#### WORK TO BE COMPLETED:
The entire listing is to be repeated verbatim.

#### DATASET CONTENT:
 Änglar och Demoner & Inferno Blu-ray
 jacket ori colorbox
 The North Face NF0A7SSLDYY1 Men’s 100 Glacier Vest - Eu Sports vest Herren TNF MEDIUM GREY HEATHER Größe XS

#### SOLUTION FOR THIS TASK:
 Änglar och Demoner & Inferno Blu-ray
 jacket ori colorbox
 The North Face NF0A7SSLDYY1 Men’s 100 Glacier Vest - Eu Sports vest Herren TNF MEDIUM GREY HEATHER Größe XS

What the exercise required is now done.